Stevie McCrorie is feeling “anxious” when The Courier calls.
It doesn’t help that he’s driving around Stirling in the pouring rain, shopping for a new car for his wife Amy.
But unlike the other punters haggling around the showrooms for a good deal, this customer is also wondering how his debut album Big World is going to fare when it hits the official UK music charts.
Welcome to the changed world of the firefighter-turned-pop-star, who won the hearts of the viewing public in last year’s run of television talent show The Voice and whose new release sees him pitted against music industry titans such as Adele and Justin Bieber.
“It’s been an anxious week,” he says. “I’m really proud of the album. I believe it should get the reaction it deserves.
“A lot of it is about time and luck. It’s not going to be easy.
“The Voice was always a stepping stone to becoming the artist I want to be.
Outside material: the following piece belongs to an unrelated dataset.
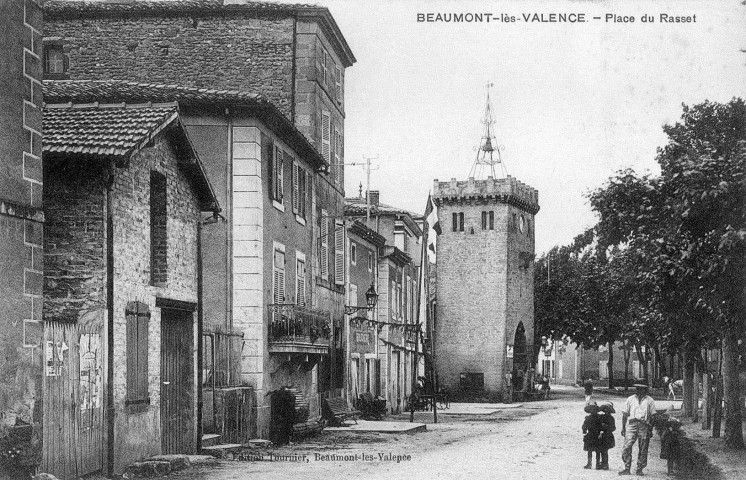 Porte fortifiée (XIIIe-XIVe s.) surmontée d'un campanile.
Now I’m ready, I want to give everything I’ve got to the album.”
Any fears of a flop proved unfounded when Big World came out last Friday on the eve of the opening night in this year’s series of The Voice on BBC One.
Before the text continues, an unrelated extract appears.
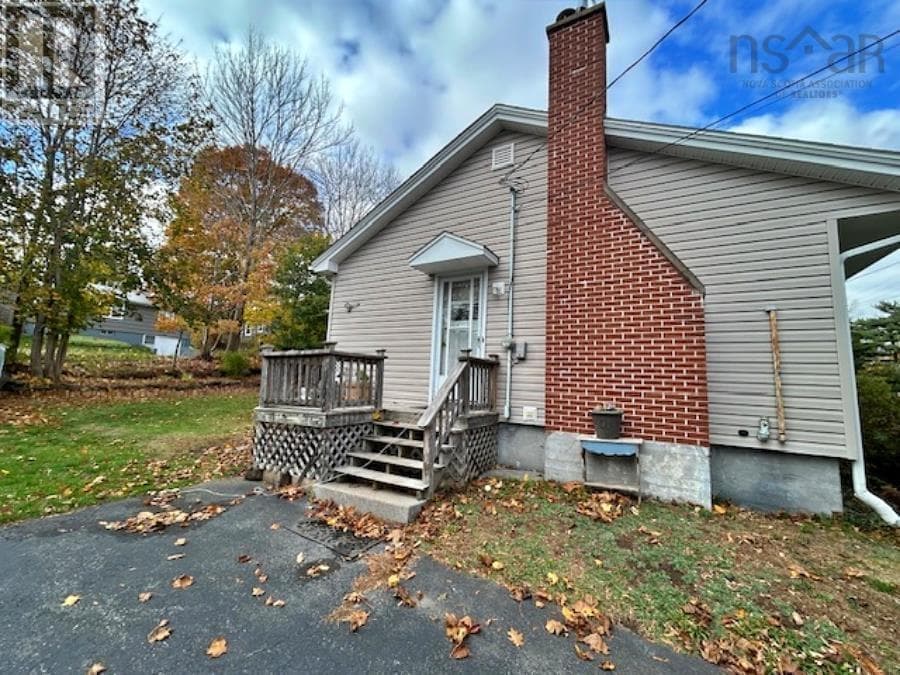 169 Crescent Street, NSAR — photo 3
Stevie of Alva, Clackmannanshire, reached number eight in the iTunes chart and by the middle of this week he was at number 22 in the official UK top 40 albums impressive feats for a 30-year-old who first picked up a guitar at 15 and was entered into the singing competition by his colleagues at Kirkcaldy fire station.
Fans have been posting rave reviews on social media and last weekend, Stevie was given a heroes’ welcome by hundreds who turned up for live acoustic sets at HMV stores in Stirling, Edinburgh, Livingston and Glasgow Braehead.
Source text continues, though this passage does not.